Modern browsers don't support UTF-7 any more after a number of XSS attacks relying on inserting UTF-7 encoded script elements which then cause the document to be sniffed as UTF-7.

The only place UTF-7 is still widely used is in email clients.

est · on Nov 22, 2013

> only if you're decoding user input as UTF-7

Hmm, may I ask what makes utf8 won't produce U+DEADBEEF? Or something remotely like that?

Edit:

'\xfb\x9b\xbb\xaf'.decode('utf8')

UnicodeDecodeError: 'utf8' codec can't decode byte 0xfb in position 0: invalid start byte

rspeer · on Nov 23, 2013

When UTF-8 was first defined, they didn't know how big the Unicode range was going to be, so they defined it as a 1-6 byte encoding that could encode any 32-bit codepoint.

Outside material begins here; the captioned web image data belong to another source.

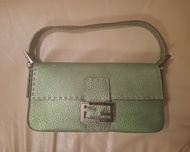 Fendi Selleria bag, Fendi baguette bag, Fendi Metallic Green Selleria Mama Baguette Handbag, Fendi v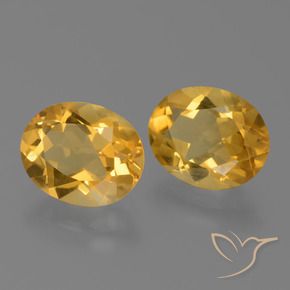 Pedras preciosas de Citrino Dourado Escuro natural de 3.04 ct, oval, VS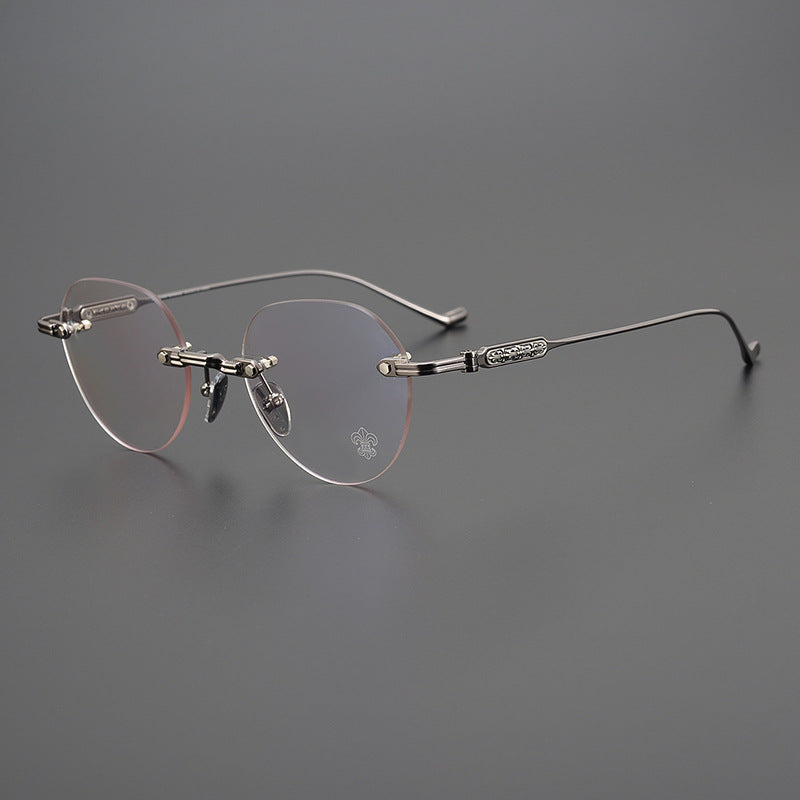 CHH Chrome Hearts Glasses Frameless Pure Titanium Glasses Frame Personalized Business
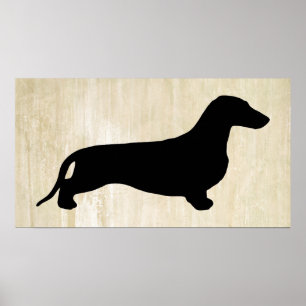 Dachshund silhouette black + your ideas poster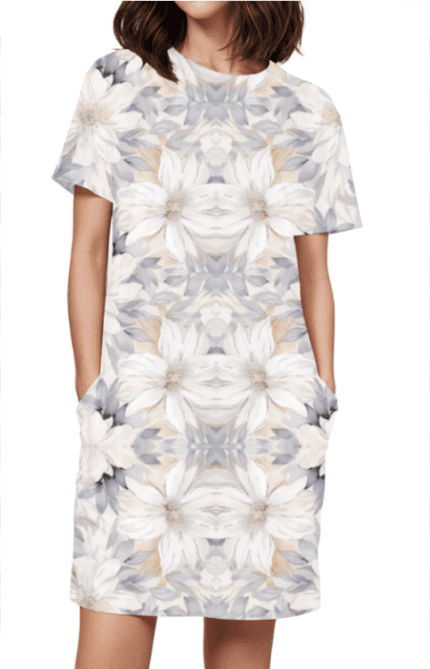 Female AOP T-Shirt Dress with White Flower Design Print | Elegant & Comfortable All-Over Print Dress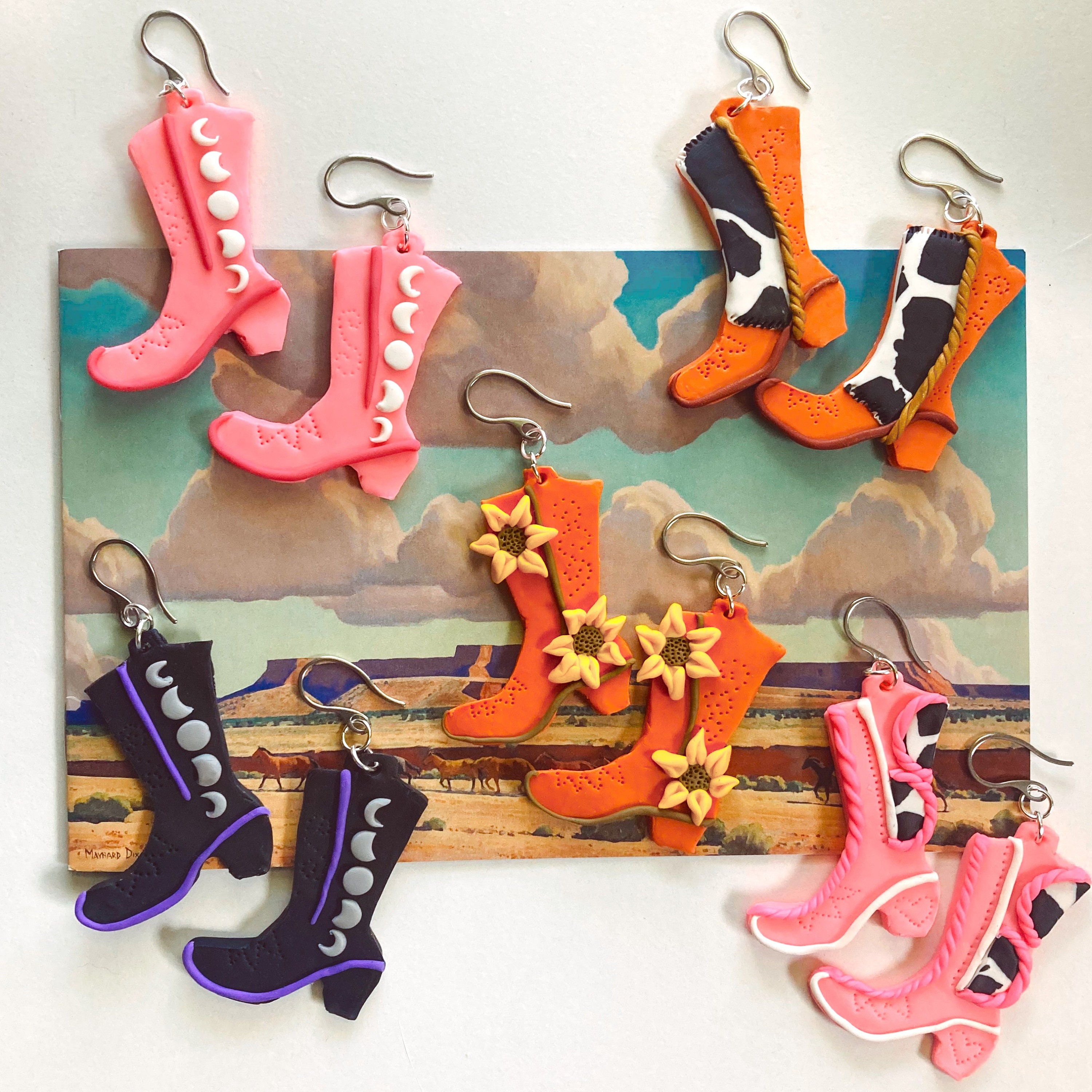 Handmade Polymer Clay Cowboy Boot Earrings Western Cowgirl Etsy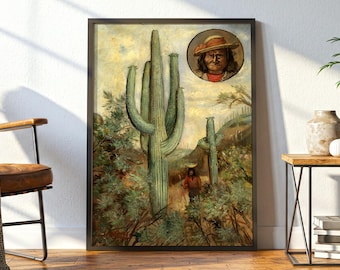 Cactus Wall Art: Vintage Southwestern Art Print with Portrait of Apache Leader Geronimo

When Unicode was deemed to end at U+10FFFF (because that's the largest value that UTF-16 can encode), UTF-8 was revised to be a 1-4 byte encoding that ends in the same place.

Python clearly implements UTF-8 in a way that uses at most four bytes per codepoint (why support five and six byte sequences if they'll never be used?). I think what we're seeing in '\xfb\x9b\xbb\xaf' is four bytes out of a six byte sequence.

gsnedders · on Nov 22, 2013

It's a bug in the UTF-7 decoder that yields an invalid codepoint (outwith of the Unicode codespace) and isn't checked anywhere.